Currently, in New Zealand, there are no biosimilars being used for Inflammatory Bowel Disease, although it is expected that they will be introduced in the future.

POSITION STATEMENT ON BIOSIMILARS

Crohn’s and Colitis New Zealand Charitable Trust is an organisation providing support to the over 20,000 people in New Zealand with Inflammatory Bowel Disease (Crohn’s disease and ulcerative colitis).
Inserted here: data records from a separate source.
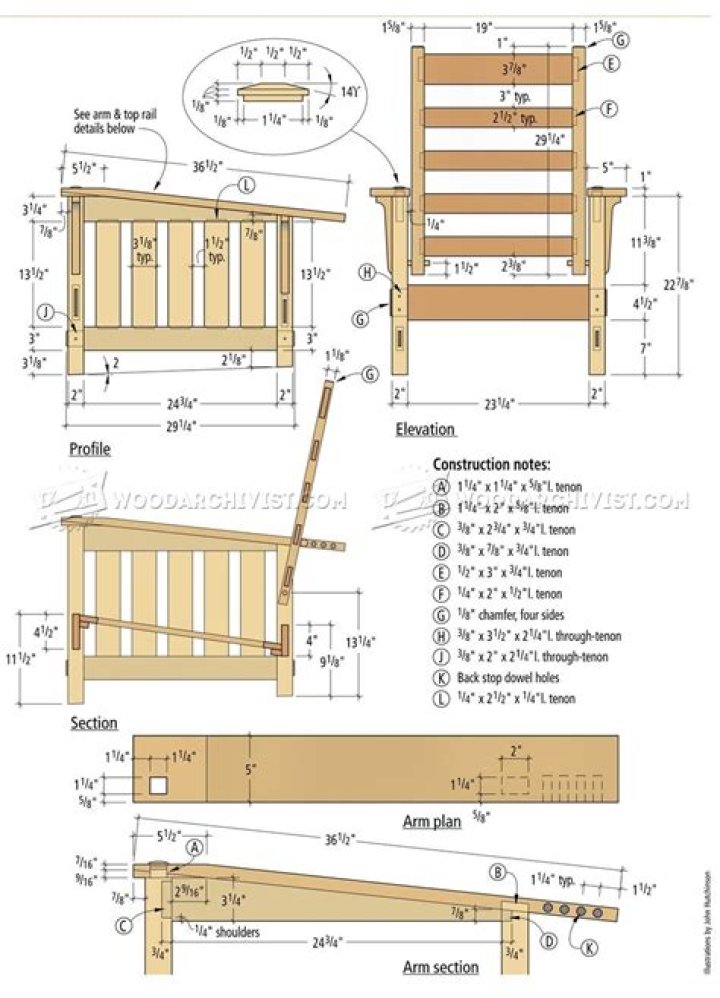 Morris Chair Plans PDF: Free Downloadable Blueprint & Assembly Guide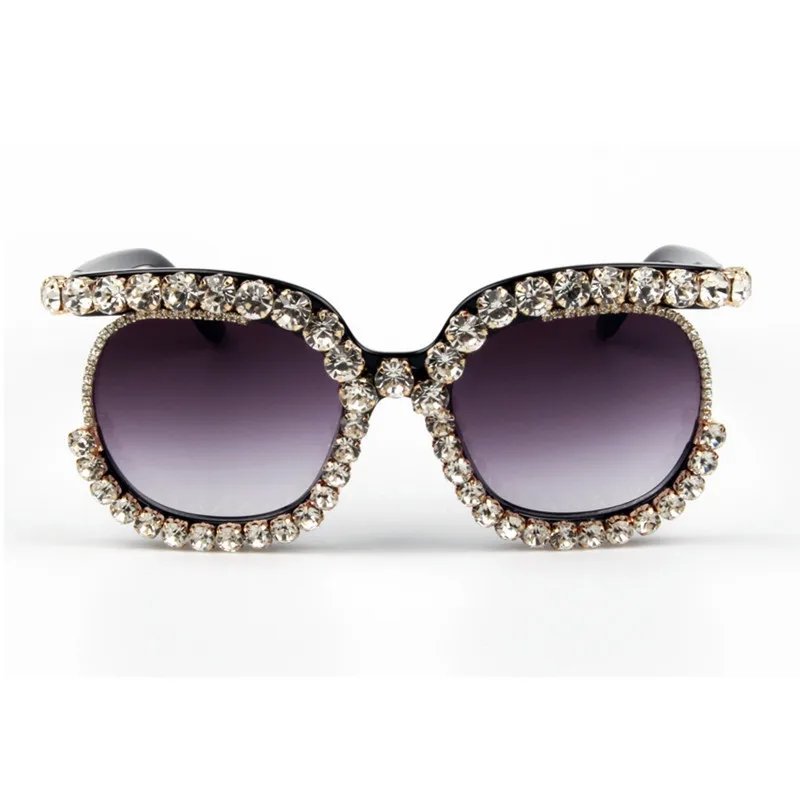 Негабаритных Для женщин солнцезащитные очки Элитный бренд формы &quotкошачий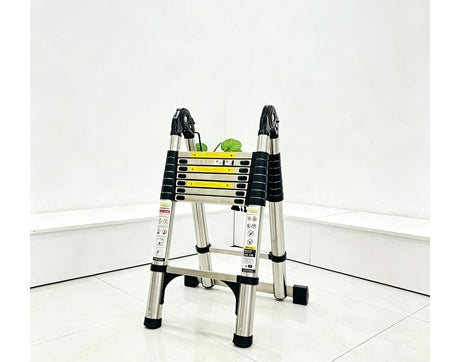 סולם נירוסטה כפול 5 מטרים – מותג TELESCOPIC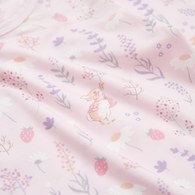 採花趣長袖側開包屁衣 (水晶紗)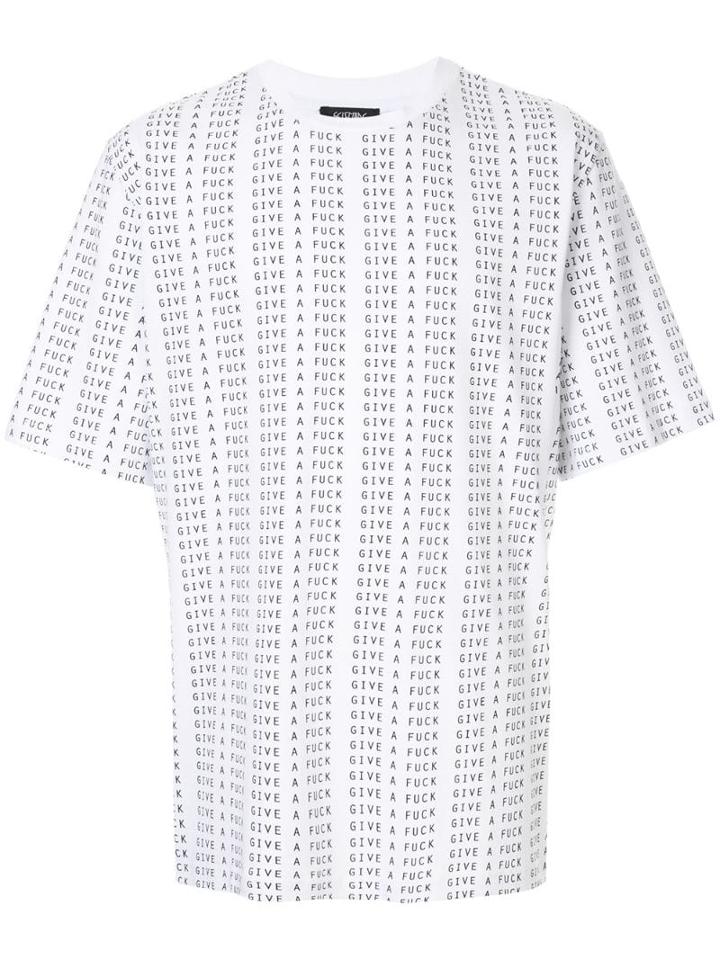 Selfmade By Gianfranco Villegas Logo Print Oversized T-shirt - White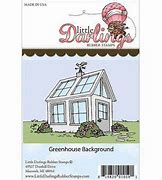 Little Darlings Rubber Stamps - Greenhouse Background (LDRSGH)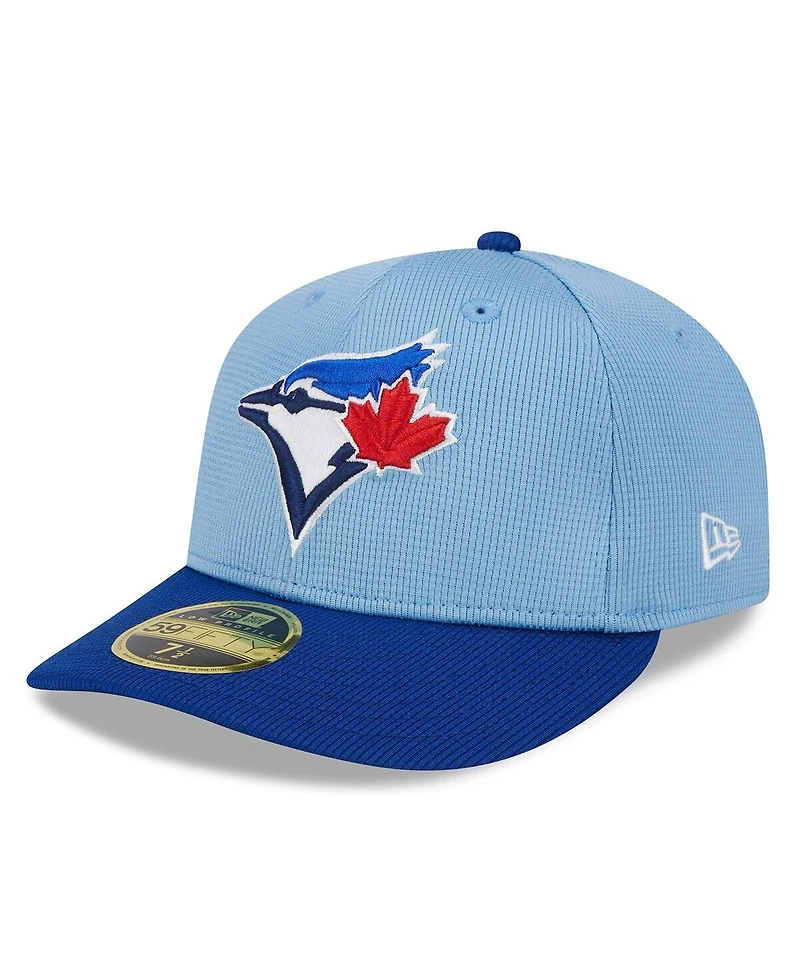 Men's New Era Light Blue Toronto Blue Jays 2024 Batting Practice Low Profile 59FIFTY Fitted Hat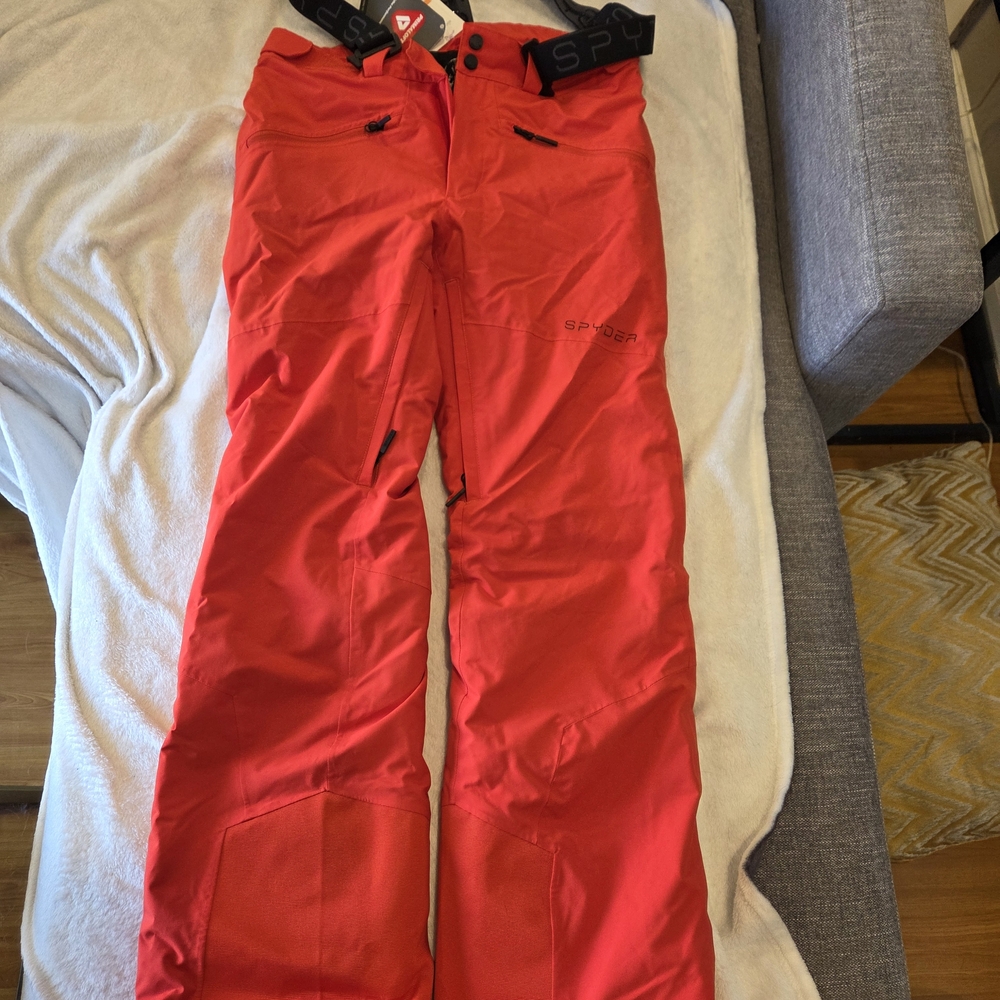 Spyder Mens Sentinel Ski/Snowboard Pants, NWT, S Waist, R Length, Tailored Fit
New Zealand has one of the highest rates of these diseases in the world.

Biosimilars are biologic therapies that are copies of currently approved biological medications (called “originator drugs”) used to treat these diseases.

Biosimilars are considered to be as safe and as effective as the originator drugs, but, unlike generic medications, they are not identical.

CCNZ recognises that biosimilars may be considered in the future in New Zealand for the treatment of IBD due to budgetary constraints as these medications are usually less expensive than the originator drugs.

CCNZ has the following position on biologics:

Non-medical switching from a biological medication to a biosimilar is not recommended.

Any switch from an originator biological medication to its biosimilar should be done only with the agreement of both the patient and doctor.

Any widescale plan for switching from an originator drug to a biosimilar should be accompanied by a national program of close patient monitoring, specifically monitoring for loss of efficacy and adverse drug reactions.

Any cost savings from the introduction of biosimilars for the treatment of inflammatory bowel disease should be earmarked for the funding of additional medications to treat Crohn’s disease and ulcerative colitis.